All pictures are to be dropped, and the remaining data set down exactly.

── Given data

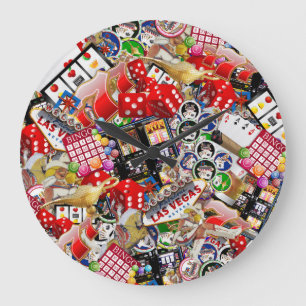 Relógio Grande Gamblers Delight - Ícones de Las Vegas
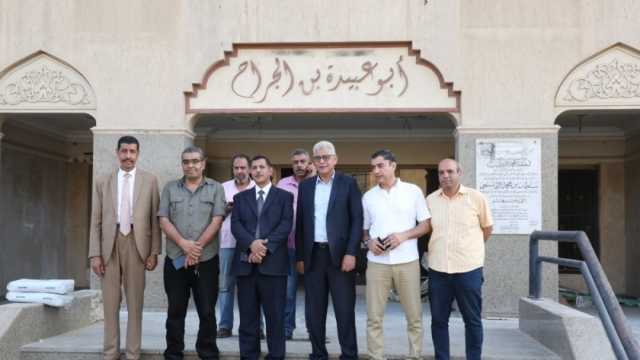 أمين عام جامعة الأزهر يتابع أعمال التطوير والصيانة بمدينة الطلاب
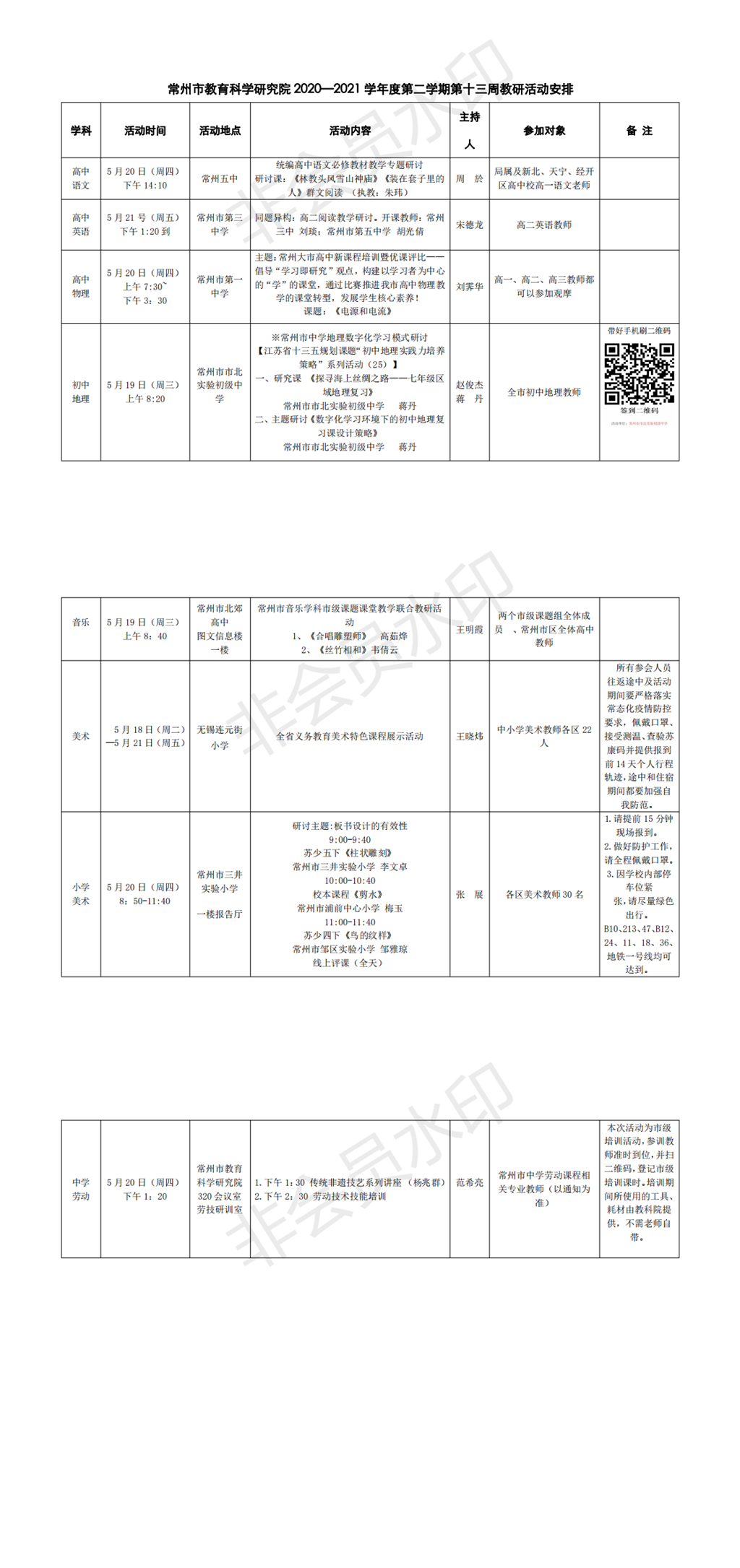 常州市教育科学研究院2020—2021学年度第二学期第十三周教研活动安排_0.png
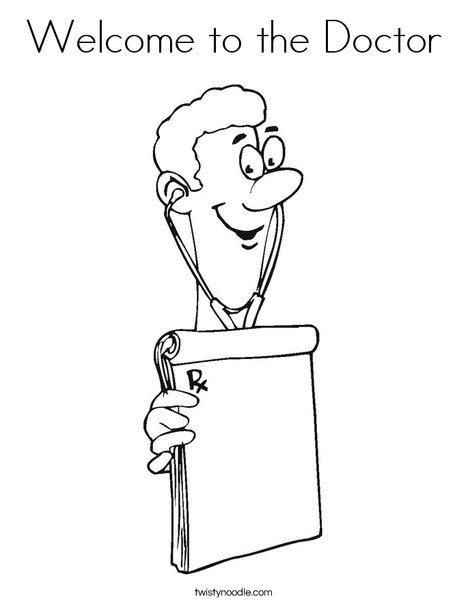 Doctor Coloring Page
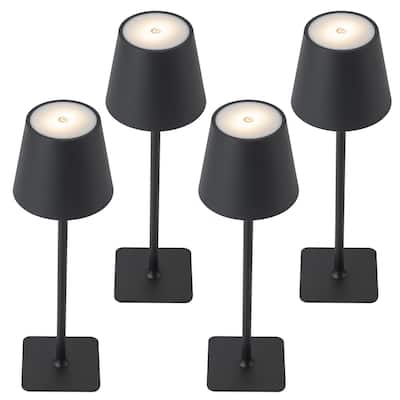 C Cattleya 4-Pack LED Cordless 3CCT Dimmable Portable Table Lamps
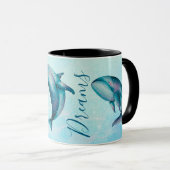 Whale Art Gift for Sea & Nature Lovers Tasse (VorderseiteRechts)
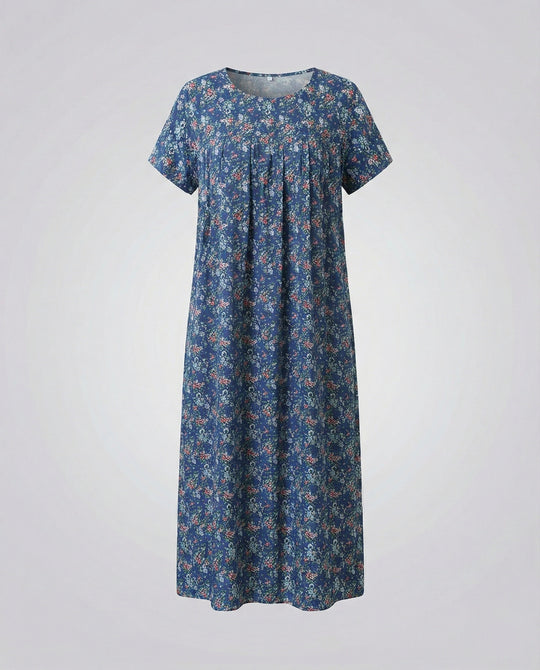 Luftiges Midikleid Damen Mit Taschen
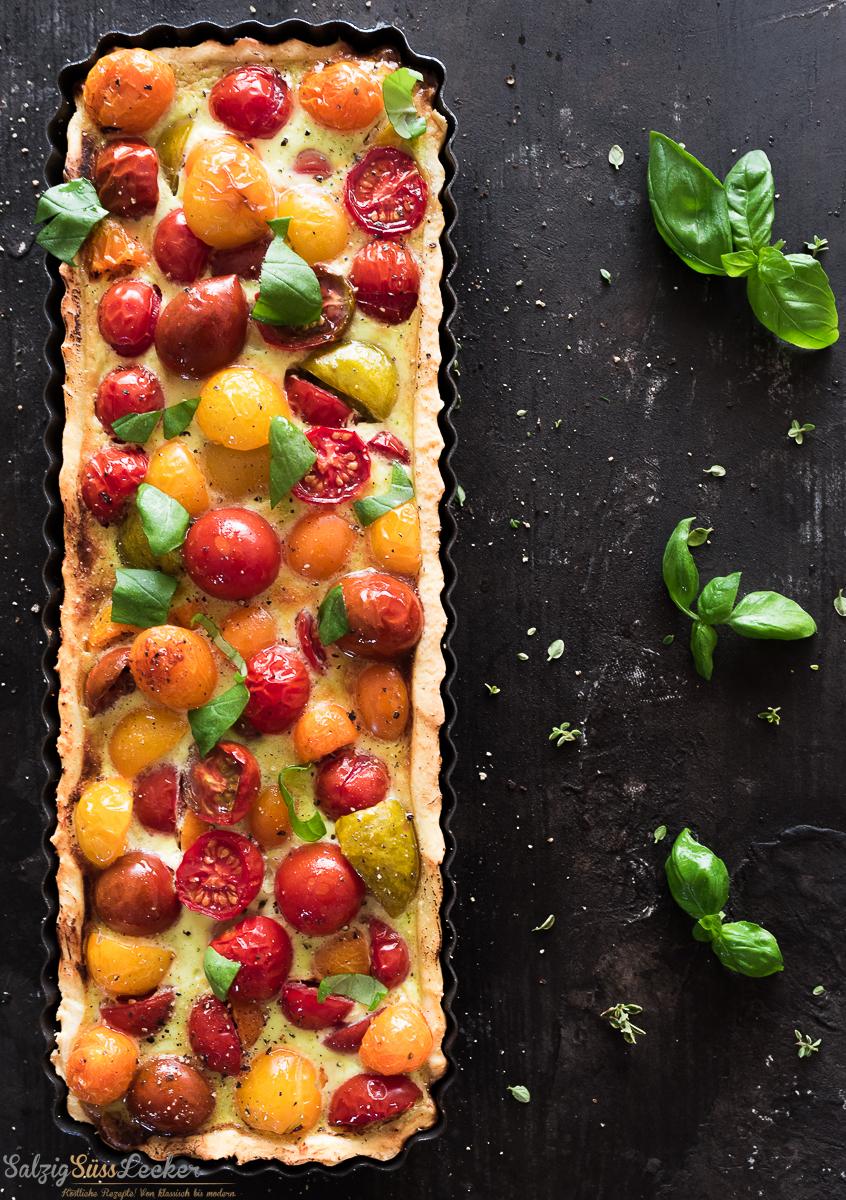 Rezeptbild: Tomaten-Tarte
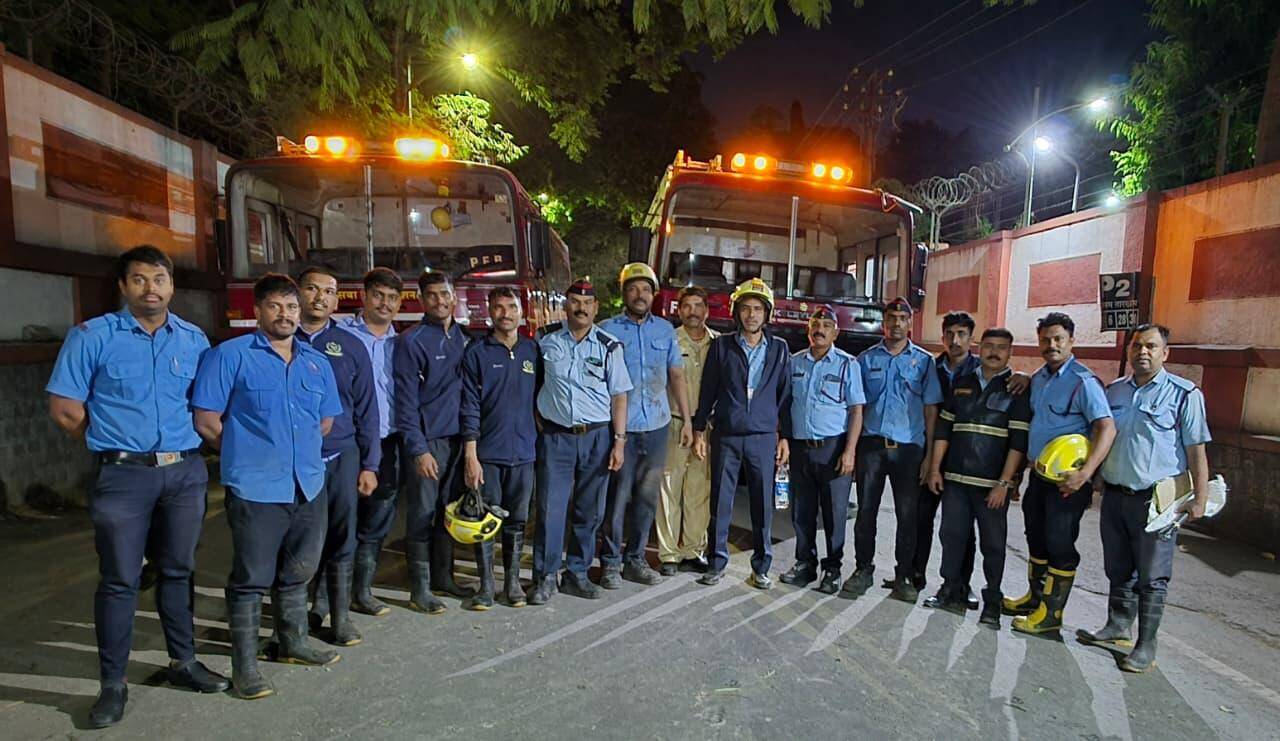 Municipal Authorities Rescue Worker Trapped During Hazardous Water Tank Demolition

────

### Response
 Relógio Grande Gamblers Delight - Ícones de Las Vegas
 أمين عام جامعة الأزهر يتابع أعمال التطوير والصيانة بمدينة الطلاب
 常州市教育科学研究院2020—2021学年度第二学期第十三周教研活动安排_0.png
 Doctor Coloring Page
 C Cattleya 4-Pack LED Cordless 3CCT Dimmable Portable Table Lamps
 Whale Art Gift for Sea & Nature Lovers Tasse (VorderseiteRechts)
 Luftiges Midikleid Damen Mit Taschen
 Rezeptbild: Tomaten-Tarte
 Municipal Authorities Rescue Worker Trapped During Hazardous Water Tank Demolition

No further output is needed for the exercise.